What you will do:
A verbatim copy of all the data is required, minus any images.

Data segment:
———

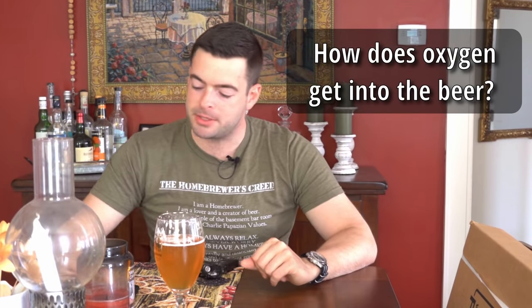Now, how does oxygen get into the beer in the first place? We'll split this into two sides. The hot side is basically the mash, the boil — everything before you pitch your yeast. The cold side is after you chill everything down, pitch your yeast, move on to fermentation, packaging, and serving the beer.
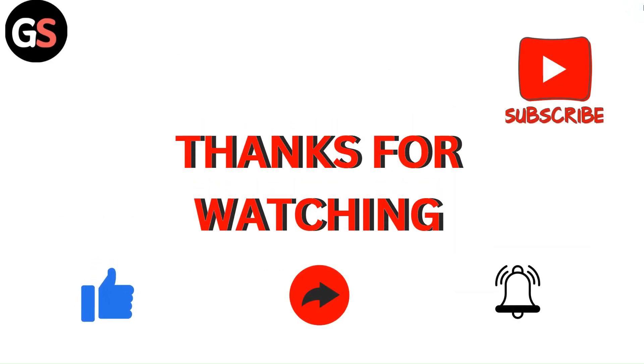Thank you for watching the video. Do like, comment, and share our video. Subscribe to my channel and don't forget to hit the bell icon for upcoming videos.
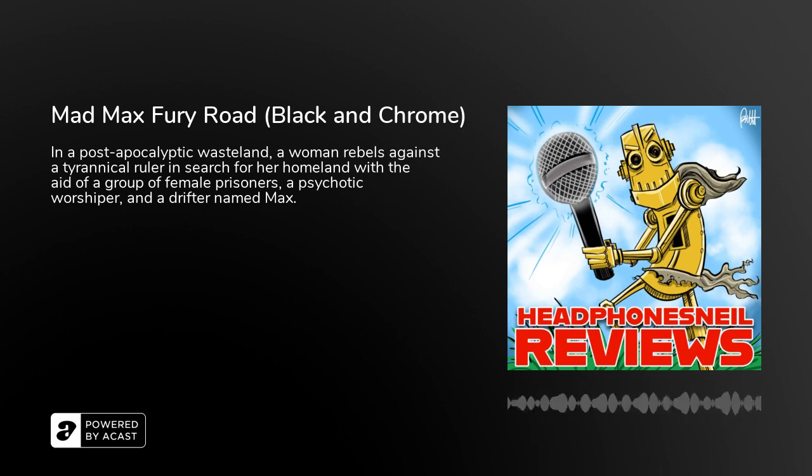What's up guys, welcome to a quick review on Headphones Neal Reviews for a movie that I had seen some years ago around the time when it came out. But I keep hearing from a podcaster host that I like that it is probably the greatest movie he's ever seen. So I figured I would give it a rewatch and see if it holds up, see if I like the story. I didn't think it was a bad movie at the time and I didn't remember enough of the story to make a decision one way or another.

———

Result below:
Now, how does oxygen get into the beer in the first place? We'll split this into two sides. The hot side is basically the mash, the boil — everything before you pitch your yeast. The cold side is after you chill everything down, pitch your yeast, move on to fermentation, packaging, and serving the beer.
Thank you for watching the video. Do like, comment, and share our video. Subscribe to my channel and don't forget to hit the bell icon for upcoming videos.
What's up guys, welcome to a quick review on Headphones Neal Reviews for a movie that I had seen some years ago around the time when it came out. But I keep hearing from a podcaster host that I like that it is probably the greatest movie he's ever seen. So I figured I would give it a rewatch and see if it holds up, see if I like the story. I didn't think it was a bad movie at the time and I didn't remember enough of the story to make a decision one way or another.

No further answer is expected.